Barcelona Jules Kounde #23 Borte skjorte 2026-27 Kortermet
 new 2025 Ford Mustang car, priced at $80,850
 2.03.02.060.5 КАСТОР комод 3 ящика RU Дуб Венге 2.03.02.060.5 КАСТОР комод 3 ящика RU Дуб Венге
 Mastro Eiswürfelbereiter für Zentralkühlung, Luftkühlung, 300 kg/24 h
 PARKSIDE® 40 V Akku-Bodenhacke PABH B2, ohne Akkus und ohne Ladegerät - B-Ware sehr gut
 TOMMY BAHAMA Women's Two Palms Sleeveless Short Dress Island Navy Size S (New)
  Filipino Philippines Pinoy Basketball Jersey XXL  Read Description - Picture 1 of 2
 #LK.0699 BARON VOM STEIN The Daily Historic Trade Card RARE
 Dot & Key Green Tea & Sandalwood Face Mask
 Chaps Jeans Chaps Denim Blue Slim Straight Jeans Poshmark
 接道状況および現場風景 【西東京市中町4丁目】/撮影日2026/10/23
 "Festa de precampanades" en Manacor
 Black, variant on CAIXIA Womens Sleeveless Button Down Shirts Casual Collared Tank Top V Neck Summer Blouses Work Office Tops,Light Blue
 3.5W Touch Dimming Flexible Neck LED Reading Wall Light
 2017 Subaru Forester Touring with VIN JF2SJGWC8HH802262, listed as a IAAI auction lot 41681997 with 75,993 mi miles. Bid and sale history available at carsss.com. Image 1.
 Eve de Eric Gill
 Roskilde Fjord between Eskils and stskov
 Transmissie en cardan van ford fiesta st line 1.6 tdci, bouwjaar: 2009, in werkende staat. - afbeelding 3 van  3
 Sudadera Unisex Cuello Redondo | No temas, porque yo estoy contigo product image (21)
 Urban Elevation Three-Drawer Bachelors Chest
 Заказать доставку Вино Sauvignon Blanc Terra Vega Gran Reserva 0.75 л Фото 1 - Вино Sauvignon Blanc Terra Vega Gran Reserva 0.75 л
-----
__WHAT THIS TASK INVOLVES__
For each record above, write it out again exactly.

__RESPONSE AREA__
Barcelona Jules Kounde #23 Borte skjorte 2026-27 Kortermet
 new 2025 Ford Mustang car, priced at $80,850
 2.03.02.060.5 КАСТОР комод 3 ящика RU Дуб Венге 2.03.02.060.5 КАСТОР комод 3 ящика RU Дуб Венге
 Mastro Eiswürfelbereiter für Zentralkühlung, Luftkühlung, 300 kg/24 h
 PARKSIDE® 40 V Akku-Bodenhacke PABH B2, ohne Akkus und ohne Ladegerät - B-Ware sehr gut
 TOMMY BAHAMA Women's Two Palms Sleeveless Short Dress Island Navy Size S (New)
  Filipino Philippines Pinoy Basketball Jersey XXL  Read Description - Picture 1 of 2
 #LK.0699 BARON VOM STEIN The Daily Historic Trade Card RARE
 Dot & Key Green Tea & Sandalwood Face Mask
 Chaps Jeans Chaps Denim Blue Slim Straight Jeans Poshmark
 接道状況および現場風景 【西東京市中町4丁目】/撮影日2026/10/23
 "Festa de precampanades" en Manacor
 Black, variant on CAIXIA Womens Sleeveless Button Down Shirts Casual Collared Tank Top V Neck Summer Blouses Work Office Tops,Light Blue
 3.5W Touch Dimming Flexible Neck LED Reading Wall Light
 2017 Subaru Forester Touring with VIN JF2SJGWC8HH802262, listed as a IAAI auction lot 41681997 with 75,993 mi miles. Bid and sale history available at carsss.com. Image 1.
 Eve de Eric Gill
 Roskilde Fjord between Eskils and stskov
 Transmissie en cardan van ford fiesta st line 1.6 tdci, bouwjaar: 2009, in werkende staat. - afbeelding 3 van  3
 Sudadera Unisex Cuello Redondo | No temas, porque yo estoy contigo product image (21)
 Urban Elevation Three-Drawer Bachelors Chest
 Заказать доставку Вино Sauvignon Blanc Terra Vega Gran Reserva 0.75 л Фото 1 - Вино Sauvignon Blanc Terra Vega Gran Reserva 0.75 л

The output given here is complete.